We’ve come to the last born, the baby of the family. Youngest children tend to be the most free-spirited because by now the parents have learned to not be so uptight about everything that happens or everything that they do. The baby of the family also notices that they attract attention when they act out so they tend to be fun-loving, uncomplicated, manipulative, outgoing, attention-seeker, and self-centered. At the same time they also tend to be risk takers, idealists, hard-working, immature, secretive and sensitive.

Sometimes At it’s difficult for the last born child to find his/her place in the family, as the first and middle child have already left their mark so they have to carve their own niche into the family.

Youngest children have a burning desire to be the first at everything they do and are not necessarily happy with being the last in the family. If the parents of the youngest child are overprotective and pampered her too much then she might develop some undesirable personality traits such as a lack of self-confidence. Pampered children are inadvertently not allowed to face life themselves and thus fail to develop the life skills they need. As a result they start feeling inferior compared to others.
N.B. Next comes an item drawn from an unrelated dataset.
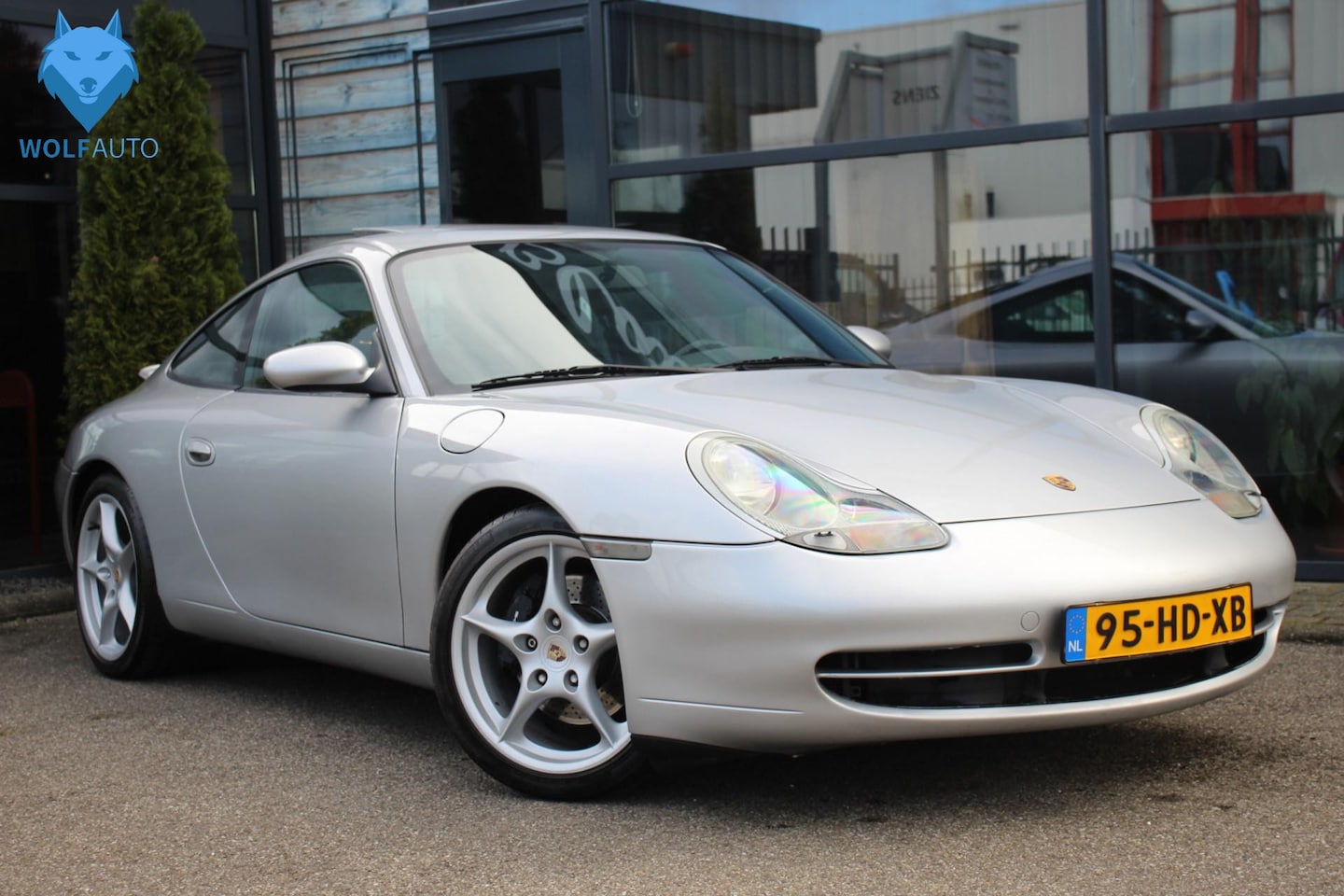 Porsche 911 - Carrera Coupe 3.4 300PK Tiptronic NETTE AUTO! - AutoWereld.nl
One final personality trait that youngest children sometimes develop is selfishness. If the youngest child always found everyone around him serving him then he might grow up thinking that he is more important than others and thus become self-centered. In a way, youngest children are unique in that they are never displaced by another newborn. They are the babies of the family, and in that way, they continue to be babied long into adulthood. The last born tend to appear youthful throughout their lives. They are followers much more than leaders, and will happily follow a leader they respect, but if they themselves in a leadership role, they are often well-liked, although their authority may not be taken seriously.

 

Father God, as we try to parent our last born child, help us to be careful not to pamper them so much that they will grow up self-centered and selfish.